====== EXERCISE DATA ======

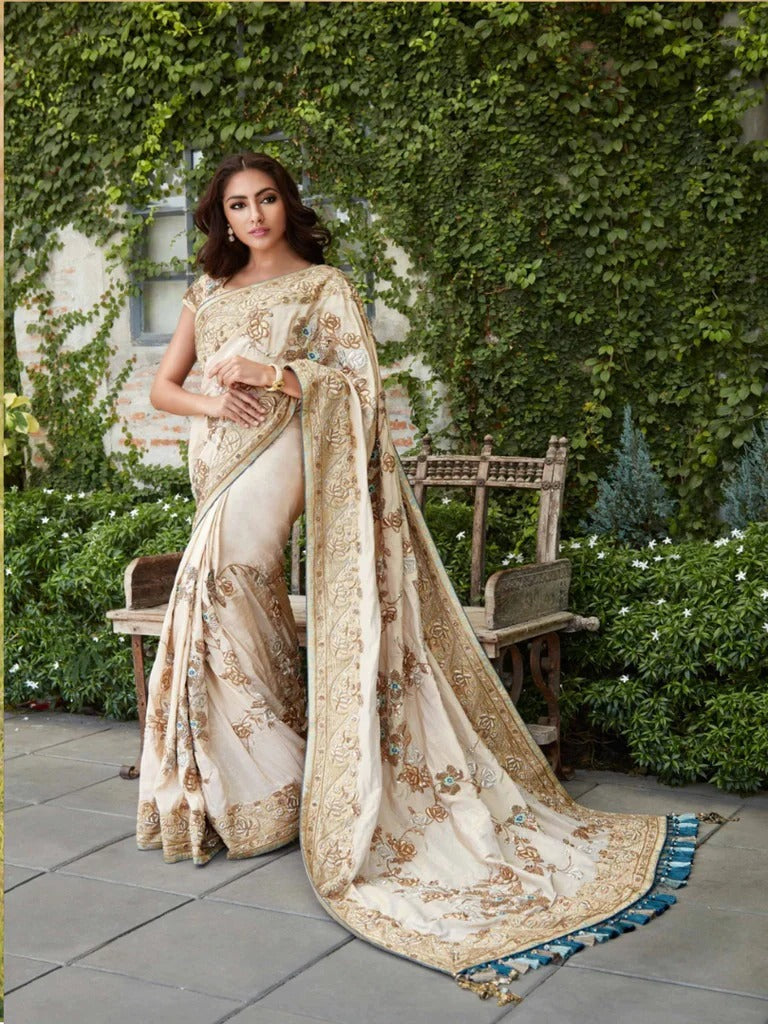 Krishna-Mart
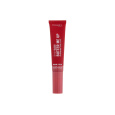 Rimmel London Oh My Gloss!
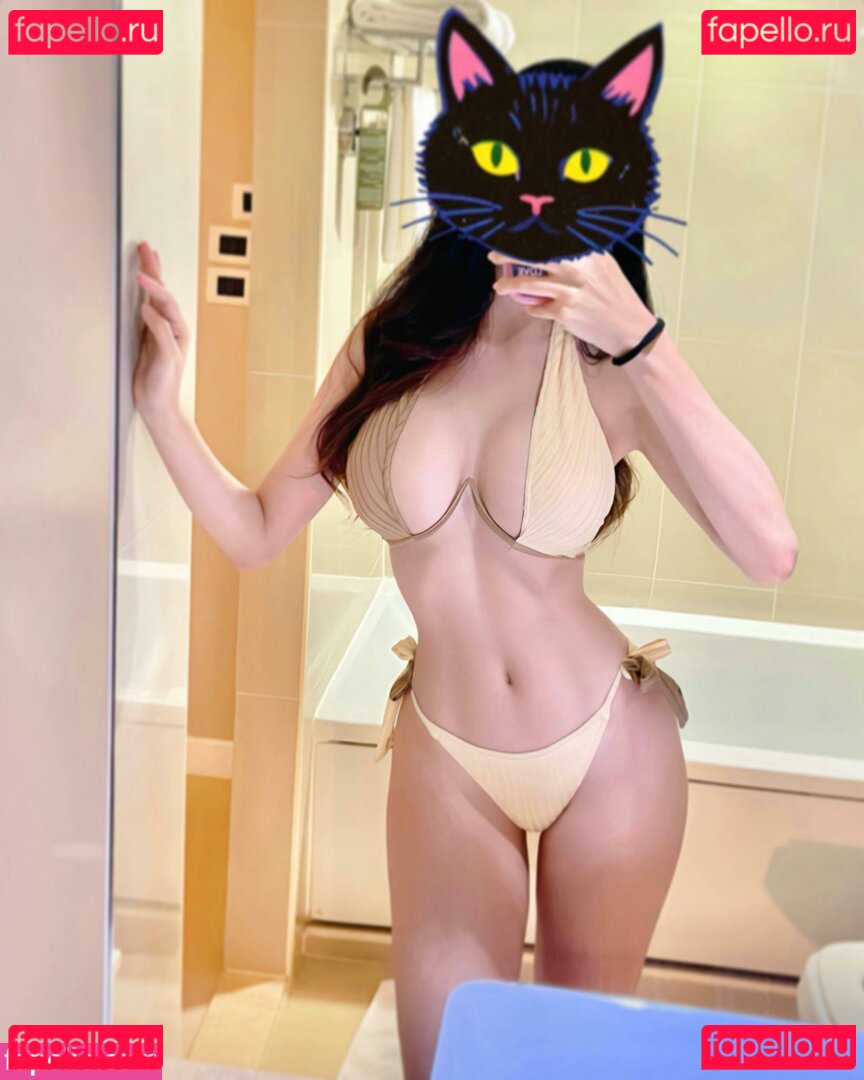 Janet Kanokwan Saesim / Janet_6959 Onlyfans Photo Gallery 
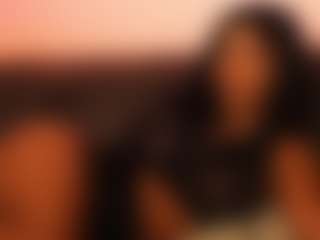 KimyBroox's Live Sex Cam Show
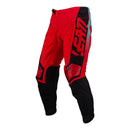 Leatt 2024 4.5 Pant - Red Size Small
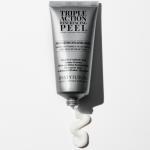 Пілінг для обличчя Instytutum Triple Action Resurfacing Peel 60 ml
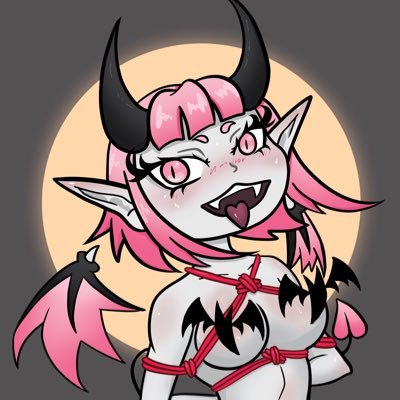 wtfmir!さんのプロフィール画像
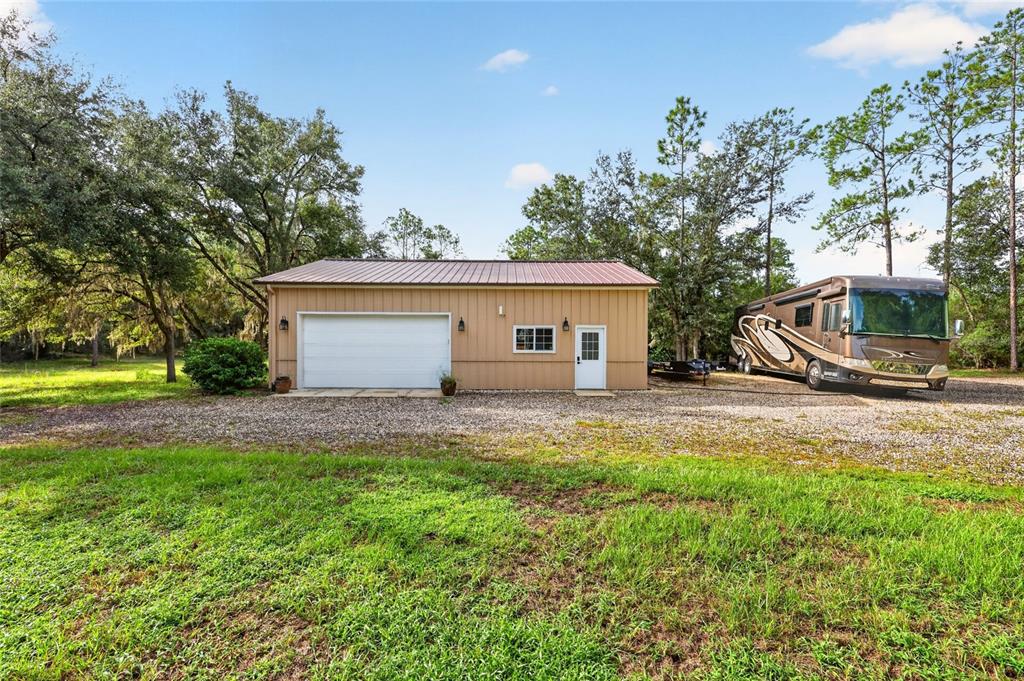21675 Southwest 84th Loop Dunnellon, FL 34431 - Photo 68 of 91 Gallery Image 68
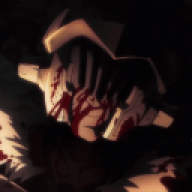 Psycho_Slayer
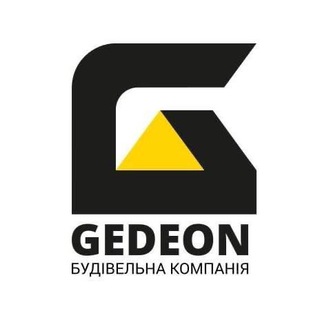 Gedeon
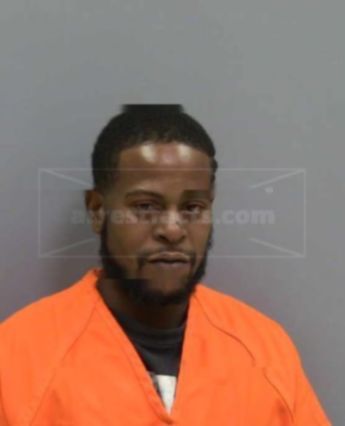 Bryan T Wesley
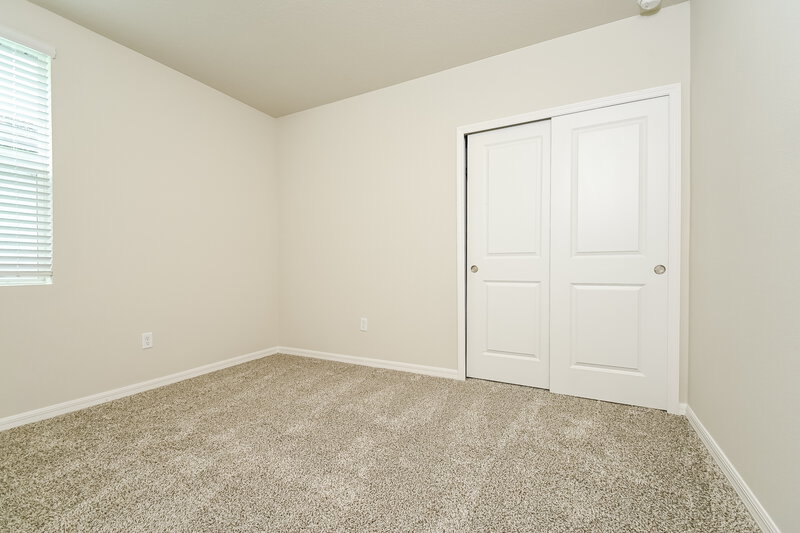 2,210/Mo, 13907 Richland Gulf Cir Parrish, FL 34221 Bedroom View 2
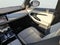 2023 Land Rover Range Rover Evoque R-Dynamic SE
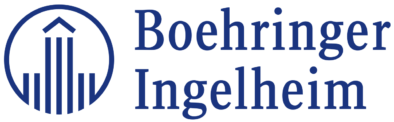 Boehringer_Ingelheim_Logo.svg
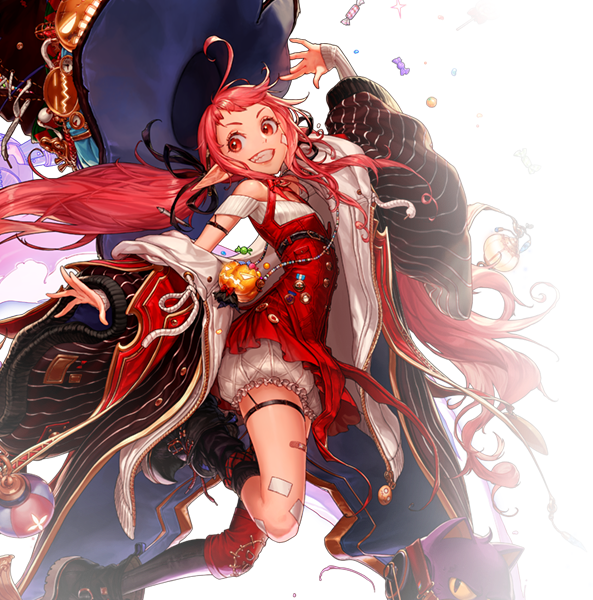 DNF11月职业平衡魔道怎么玩31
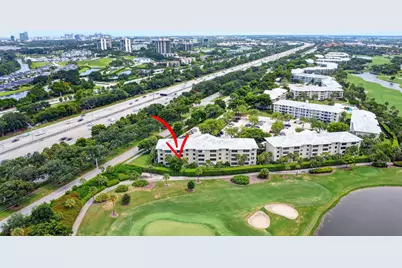 3525 Village Boulevard #205, West Palm Beach, FL 33409 - Photo 45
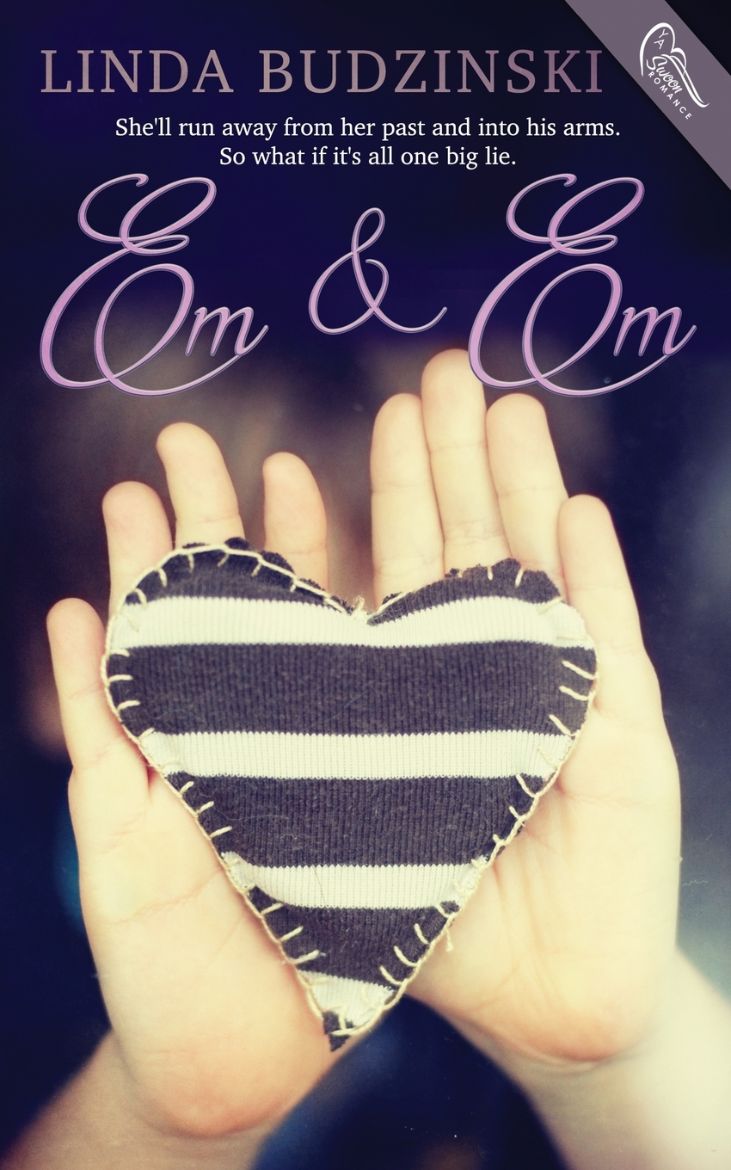 Immagine di Em and Em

======

» EXERCISE BRIEF:
From the line holding "Leatt 2024 4.5 Pant - Red Size Small" to the final line of the data above, give each line again exactly, both ends included, and drop the pictures.

» ANSWER SPACE:
 Leatt 2024 4.5 Pant - Red Size Small
 Пілінг для обличчя Instytutum Triple Action Resurfacing Peel 60 ml
 wtfmir!さんのプロフィール画像
21675 Southwest 84th Loop Dunnellon, FL 34431 - Photo 68 of 91 Gallery Image 68
 Psycho_Slayer
 Gedeon
 Bryan T Wesley
 2,210/Mo, 13907 Richland Gulf Cir Parrish, FL 34221 Bedroom View 2
 2023 Land Rover Range Rover Evoque R-Dynamic SE
 Boehringer_Ingelheim_Logo.svg
 DNF11月职业平衡魔道怎么玩31
 3525 Village Boulevard #205, West Palm Beach, FL 33409 - Photo 45
 Immagine di Em and Em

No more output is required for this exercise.